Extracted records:
..............................

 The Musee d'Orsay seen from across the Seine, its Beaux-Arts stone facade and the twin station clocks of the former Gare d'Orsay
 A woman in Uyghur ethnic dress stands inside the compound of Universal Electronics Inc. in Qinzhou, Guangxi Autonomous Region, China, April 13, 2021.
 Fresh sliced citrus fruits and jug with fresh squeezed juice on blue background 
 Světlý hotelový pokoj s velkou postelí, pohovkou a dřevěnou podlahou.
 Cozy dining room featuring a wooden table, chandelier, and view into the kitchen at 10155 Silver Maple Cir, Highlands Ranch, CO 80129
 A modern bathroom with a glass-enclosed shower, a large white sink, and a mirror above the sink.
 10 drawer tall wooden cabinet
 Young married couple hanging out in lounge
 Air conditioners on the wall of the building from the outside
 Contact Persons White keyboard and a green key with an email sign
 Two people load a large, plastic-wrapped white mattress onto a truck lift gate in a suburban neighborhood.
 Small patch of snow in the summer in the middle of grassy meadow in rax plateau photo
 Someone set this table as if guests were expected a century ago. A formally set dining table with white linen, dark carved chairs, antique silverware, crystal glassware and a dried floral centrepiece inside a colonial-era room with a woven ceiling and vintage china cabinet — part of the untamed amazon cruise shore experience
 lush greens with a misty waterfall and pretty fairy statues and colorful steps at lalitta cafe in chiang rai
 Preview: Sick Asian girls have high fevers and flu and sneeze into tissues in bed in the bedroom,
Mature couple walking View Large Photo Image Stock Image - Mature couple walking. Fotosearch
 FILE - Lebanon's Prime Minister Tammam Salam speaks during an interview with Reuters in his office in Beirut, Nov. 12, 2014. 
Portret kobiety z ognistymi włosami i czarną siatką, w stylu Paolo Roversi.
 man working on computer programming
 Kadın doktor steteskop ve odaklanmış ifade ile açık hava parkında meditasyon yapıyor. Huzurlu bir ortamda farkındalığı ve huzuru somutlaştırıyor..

..............................

■ **Task objective**: Reproduce exactly, and only, the lines from the start of the entries through the one that contains "Mature couple walking View".

■ **Solution to this exercise**:
 The Musee d'Orsay seen from across the Seine, its Beaux-Arts stone facade and the twin station clocks of the former Gare d'Orsay
 A woman in Uyghur ethnic dress stands inside the compound of Universal Electronics Inc. in Qinzhou, Guangxi Autonomous Region, China, April 13, 2021.
 Fresh sliced citrus fruits and jug with fresh squeezed juice on blue background 
 Světlý hotelový pokoj s velkou postelí, pohovkou a dřevěnou podlahou.
 Cozy dining room featuring a wooden table, chandelier, and view into the kitchen at 10155 Silver Maple Cir, Highlands Ranch, CO 80129
 A modern bathroom with a glass-enclosed shower, a large white sink, and a mirror above the sink.
 10 drawer tall wooden cabinet
 Young married couple hanging out in lounge
 Air conditioners on the wall of the building from the outside
 Contact Persons White keyboard and a green key with an email sign
 Two people load a large, plastic-wrapped white mattress onto a truck lift gate in a suburban neighborhood.
 Small patch of snow in the summer in the middle of grassy meadow in rax plateau photo
 Someone set this table as if guests were expected a century ago. A formally set dining table with white linen, dark carved chairs, antique silverware, crystal glassware and a dried floral centrepiece inside a colonial-era room with a woven ceiling and vintage china cabinet — part of the untamed amazon cruise shore experience
 lush greens with a misty waterfall and pretty fairy statues and colorful steps at lalitta cafe in chiang rai
 Preview: Sick Asian girls have high fevers and flu and sneeze into tissues in bed in the bedroom,
Mature couple walking View Large Photo Image Stock Image - Mature couple walking. Fotosearch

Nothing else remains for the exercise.